Code canadien du travail (L.R.C. (1985), ch. L-2)

Loi à jour 2014-09-15; dernière modification 2014-07-01 Versions antérieures

Note marginale :Non-application des art. 214 à 226
  •  (1) Les articles 214 à 226 ne s’appliquent pas aux surnuméraires qui sont représentés par un syndicat signataire d’une convention collective qui :

    • a) d’une part, prévoit :

      • (i) soit des mécanismes de négociation et de règlement définitif en matière de licenciement dans l’établissement où ces employés travaillent,

      • (ii) soit des mesures visant à minimiser les conséquences du licenciement pour ces employés et à les aider à trouver un autre travail;

    • b) d’autre part, soustrait ces employés à leur application.

  • Note marginale :Idem

    (2) Les articles 214 à 226 ne s’appliquent pas aux surnuméraires représentés par un syndicat dans le cas où les licenciements sont provoqués par des changements technologiques — au sens du paragraphe 51(1) — et où le syndicat et l’employeur sont assujettis à l’application des articles 52, 54 et 55, ou le seraient en l’absence du paragraphe 51(2).

  • 1980-81-82-83, ch. 89, art. 33.

Section XLicenciements individuels

Note marginale :Préavis ou indemnité
  •  (1) Sauf cas prévu au paragraphe (2) et sauf s’il s’agit d’un congédiement justifié, l’employeur qui licencie un employé qui travaille pour lui sans interruption depuis au moins trois mois est tenu :

    • a) soit de donner à l’employé un préavis de licenciement écrit d’au moins deux semaines;

    • b) soit de verser, en guise et lieu de préavis, une indemnité égale à deux semaines de salaire au taux régulier pour le nombre d’heures de travail normal.

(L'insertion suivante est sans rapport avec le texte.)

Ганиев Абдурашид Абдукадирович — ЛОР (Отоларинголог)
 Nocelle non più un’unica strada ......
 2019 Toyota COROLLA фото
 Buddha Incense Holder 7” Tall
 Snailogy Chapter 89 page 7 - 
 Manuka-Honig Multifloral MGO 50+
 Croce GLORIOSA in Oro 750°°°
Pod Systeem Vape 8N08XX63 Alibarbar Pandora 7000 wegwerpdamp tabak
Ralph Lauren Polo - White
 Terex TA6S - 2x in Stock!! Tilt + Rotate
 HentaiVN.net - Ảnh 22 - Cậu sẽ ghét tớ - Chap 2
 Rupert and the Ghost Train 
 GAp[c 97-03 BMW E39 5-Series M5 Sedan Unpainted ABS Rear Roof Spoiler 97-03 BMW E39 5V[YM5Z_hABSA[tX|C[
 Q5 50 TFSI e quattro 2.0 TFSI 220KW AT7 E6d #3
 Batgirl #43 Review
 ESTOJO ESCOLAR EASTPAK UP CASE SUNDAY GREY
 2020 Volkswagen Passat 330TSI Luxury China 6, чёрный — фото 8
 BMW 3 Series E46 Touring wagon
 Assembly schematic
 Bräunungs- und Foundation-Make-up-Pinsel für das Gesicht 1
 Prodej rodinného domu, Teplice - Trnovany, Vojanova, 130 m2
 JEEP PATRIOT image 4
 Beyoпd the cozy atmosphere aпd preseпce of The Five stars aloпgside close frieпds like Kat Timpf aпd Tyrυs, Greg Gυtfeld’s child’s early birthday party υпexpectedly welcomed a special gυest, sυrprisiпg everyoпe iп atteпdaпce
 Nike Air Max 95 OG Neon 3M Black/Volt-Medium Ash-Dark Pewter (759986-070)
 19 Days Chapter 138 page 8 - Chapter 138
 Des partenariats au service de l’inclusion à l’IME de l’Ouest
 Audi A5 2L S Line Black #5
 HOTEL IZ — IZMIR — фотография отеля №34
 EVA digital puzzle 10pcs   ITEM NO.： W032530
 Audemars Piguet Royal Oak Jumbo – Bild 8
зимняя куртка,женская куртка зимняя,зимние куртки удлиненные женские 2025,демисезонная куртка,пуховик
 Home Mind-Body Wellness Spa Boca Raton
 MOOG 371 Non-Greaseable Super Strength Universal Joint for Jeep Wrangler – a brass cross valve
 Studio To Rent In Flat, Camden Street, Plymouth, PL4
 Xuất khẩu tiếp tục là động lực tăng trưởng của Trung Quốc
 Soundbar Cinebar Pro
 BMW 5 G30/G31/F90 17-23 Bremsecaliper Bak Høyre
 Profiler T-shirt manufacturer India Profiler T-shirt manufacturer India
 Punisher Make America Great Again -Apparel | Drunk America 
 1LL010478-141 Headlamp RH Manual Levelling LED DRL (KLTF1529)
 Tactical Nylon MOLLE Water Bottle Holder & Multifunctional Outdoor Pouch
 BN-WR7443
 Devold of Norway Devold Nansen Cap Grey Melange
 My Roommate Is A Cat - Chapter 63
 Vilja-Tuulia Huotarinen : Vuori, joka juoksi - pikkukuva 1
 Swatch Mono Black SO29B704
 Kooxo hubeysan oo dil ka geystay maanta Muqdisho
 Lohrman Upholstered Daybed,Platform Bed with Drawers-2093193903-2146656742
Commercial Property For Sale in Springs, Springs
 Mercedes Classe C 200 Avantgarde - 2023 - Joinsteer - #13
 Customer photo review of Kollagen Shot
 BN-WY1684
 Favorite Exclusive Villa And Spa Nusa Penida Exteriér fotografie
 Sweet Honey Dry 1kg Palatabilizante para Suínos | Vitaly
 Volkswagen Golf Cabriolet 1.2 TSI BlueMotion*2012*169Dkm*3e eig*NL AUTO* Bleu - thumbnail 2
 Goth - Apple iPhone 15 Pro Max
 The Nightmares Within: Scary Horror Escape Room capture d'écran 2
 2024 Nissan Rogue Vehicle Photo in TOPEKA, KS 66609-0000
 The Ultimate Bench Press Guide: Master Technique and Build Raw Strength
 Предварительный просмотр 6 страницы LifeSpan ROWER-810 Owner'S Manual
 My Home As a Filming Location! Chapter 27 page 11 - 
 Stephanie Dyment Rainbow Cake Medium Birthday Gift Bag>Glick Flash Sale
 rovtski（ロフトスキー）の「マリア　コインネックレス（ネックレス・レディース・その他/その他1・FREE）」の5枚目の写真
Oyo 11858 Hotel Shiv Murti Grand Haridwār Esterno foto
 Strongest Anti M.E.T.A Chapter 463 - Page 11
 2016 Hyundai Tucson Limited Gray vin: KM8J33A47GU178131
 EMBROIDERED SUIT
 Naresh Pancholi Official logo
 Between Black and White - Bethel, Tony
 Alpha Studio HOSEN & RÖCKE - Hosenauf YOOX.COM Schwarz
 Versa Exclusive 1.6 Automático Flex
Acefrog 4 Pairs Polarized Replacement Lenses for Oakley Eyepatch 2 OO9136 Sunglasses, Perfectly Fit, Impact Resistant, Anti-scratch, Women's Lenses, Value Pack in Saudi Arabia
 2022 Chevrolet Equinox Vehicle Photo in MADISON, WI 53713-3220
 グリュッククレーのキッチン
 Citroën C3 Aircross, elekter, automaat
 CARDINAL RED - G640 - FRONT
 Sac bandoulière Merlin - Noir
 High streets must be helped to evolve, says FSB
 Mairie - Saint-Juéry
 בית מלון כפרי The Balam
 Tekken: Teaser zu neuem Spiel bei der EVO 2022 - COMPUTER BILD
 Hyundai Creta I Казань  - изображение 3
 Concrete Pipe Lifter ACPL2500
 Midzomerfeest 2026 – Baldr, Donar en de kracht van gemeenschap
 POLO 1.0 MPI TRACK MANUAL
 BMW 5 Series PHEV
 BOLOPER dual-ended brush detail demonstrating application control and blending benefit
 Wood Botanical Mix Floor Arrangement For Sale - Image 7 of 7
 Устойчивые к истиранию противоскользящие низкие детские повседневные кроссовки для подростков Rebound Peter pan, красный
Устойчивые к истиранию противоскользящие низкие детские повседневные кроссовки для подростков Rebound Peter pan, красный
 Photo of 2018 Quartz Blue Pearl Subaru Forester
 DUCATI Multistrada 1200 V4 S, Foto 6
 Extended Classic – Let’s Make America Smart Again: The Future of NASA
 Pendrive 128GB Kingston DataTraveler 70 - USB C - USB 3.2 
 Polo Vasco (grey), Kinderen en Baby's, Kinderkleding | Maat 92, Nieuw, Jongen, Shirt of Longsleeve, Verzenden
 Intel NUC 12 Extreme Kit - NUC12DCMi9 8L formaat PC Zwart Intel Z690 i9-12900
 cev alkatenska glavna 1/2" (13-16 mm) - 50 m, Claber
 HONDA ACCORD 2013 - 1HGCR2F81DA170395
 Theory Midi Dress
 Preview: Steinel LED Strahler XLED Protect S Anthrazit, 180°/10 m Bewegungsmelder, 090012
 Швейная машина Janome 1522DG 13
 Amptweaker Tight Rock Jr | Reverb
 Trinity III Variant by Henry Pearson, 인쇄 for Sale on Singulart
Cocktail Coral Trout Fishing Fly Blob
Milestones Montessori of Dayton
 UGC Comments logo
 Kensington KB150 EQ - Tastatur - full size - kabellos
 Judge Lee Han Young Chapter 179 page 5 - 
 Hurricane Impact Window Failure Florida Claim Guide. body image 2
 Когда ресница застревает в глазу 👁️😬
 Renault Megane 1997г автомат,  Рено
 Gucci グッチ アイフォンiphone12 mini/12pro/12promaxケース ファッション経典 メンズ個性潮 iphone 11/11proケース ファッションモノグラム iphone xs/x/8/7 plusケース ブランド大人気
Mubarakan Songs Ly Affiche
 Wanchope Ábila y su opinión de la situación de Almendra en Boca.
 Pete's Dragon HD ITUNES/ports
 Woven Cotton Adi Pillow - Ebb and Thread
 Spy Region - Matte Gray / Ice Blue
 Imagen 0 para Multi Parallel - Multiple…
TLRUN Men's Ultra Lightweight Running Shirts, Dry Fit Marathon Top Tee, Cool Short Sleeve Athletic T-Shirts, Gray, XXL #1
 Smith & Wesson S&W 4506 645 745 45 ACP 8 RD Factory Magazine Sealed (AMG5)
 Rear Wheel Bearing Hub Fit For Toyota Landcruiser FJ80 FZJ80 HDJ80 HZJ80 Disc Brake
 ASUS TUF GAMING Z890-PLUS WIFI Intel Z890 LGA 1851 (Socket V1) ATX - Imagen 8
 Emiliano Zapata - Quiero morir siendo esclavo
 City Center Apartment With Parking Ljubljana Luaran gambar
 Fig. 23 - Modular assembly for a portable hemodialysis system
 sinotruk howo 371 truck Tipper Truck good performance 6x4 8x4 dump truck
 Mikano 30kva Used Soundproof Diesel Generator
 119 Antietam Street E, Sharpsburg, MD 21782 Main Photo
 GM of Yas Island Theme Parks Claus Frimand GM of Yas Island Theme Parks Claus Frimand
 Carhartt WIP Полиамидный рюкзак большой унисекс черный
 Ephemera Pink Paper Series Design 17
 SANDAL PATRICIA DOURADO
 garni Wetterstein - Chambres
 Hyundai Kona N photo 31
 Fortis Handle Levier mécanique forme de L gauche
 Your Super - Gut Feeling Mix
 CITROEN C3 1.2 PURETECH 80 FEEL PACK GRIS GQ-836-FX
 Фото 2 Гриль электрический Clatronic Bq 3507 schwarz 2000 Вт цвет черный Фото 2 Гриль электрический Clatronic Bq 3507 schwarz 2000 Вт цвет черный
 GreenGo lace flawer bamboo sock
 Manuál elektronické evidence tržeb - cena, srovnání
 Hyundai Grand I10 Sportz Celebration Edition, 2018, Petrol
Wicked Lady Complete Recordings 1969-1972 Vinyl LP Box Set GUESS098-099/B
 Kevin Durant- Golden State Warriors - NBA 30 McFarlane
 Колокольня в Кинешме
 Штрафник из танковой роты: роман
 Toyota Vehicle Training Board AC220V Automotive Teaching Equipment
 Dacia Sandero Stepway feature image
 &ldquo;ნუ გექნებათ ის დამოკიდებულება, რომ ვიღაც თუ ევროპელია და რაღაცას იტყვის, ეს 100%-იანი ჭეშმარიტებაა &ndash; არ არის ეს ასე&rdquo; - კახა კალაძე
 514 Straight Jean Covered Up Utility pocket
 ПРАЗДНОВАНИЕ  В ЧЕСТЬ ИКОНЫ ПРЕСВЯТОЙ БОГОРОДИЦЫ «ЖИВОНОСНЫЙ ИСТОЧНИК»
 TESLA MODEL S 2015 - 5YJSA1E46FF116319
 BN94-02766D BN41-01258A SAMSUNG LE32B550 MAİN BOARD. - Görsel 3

  • Note marginale :Préavis au syndicat

    (2) En cas de suppression d’un poste, l’employeur lié par une convention collective autorisant un employé ainsi devenu surnuméraire à supplanter un autre employé ayant moins d’ancienneté que lui est tenu :

    • a) soit de donner au syndicat signataire de la convention collective et à l’employé un préavis de suppression de poste, d’au moins deux semaines, et de placer une copie du préavis dans un endroit bien en vue à l’intérieur de l’établissement où l’employé travaille;

    • b) soit de verser à l’employé licencié en raison de la suppression du poste deux semaines de salaire au taux régulier.

  • Note marginale :Assimilation

    (3) Sauf disposition contraire d’un règlement, la mise à pied est, pour l’application de la présente section, assimilée au licenciement.

  • S.R., ch. 17(2e suppl.), art. 16.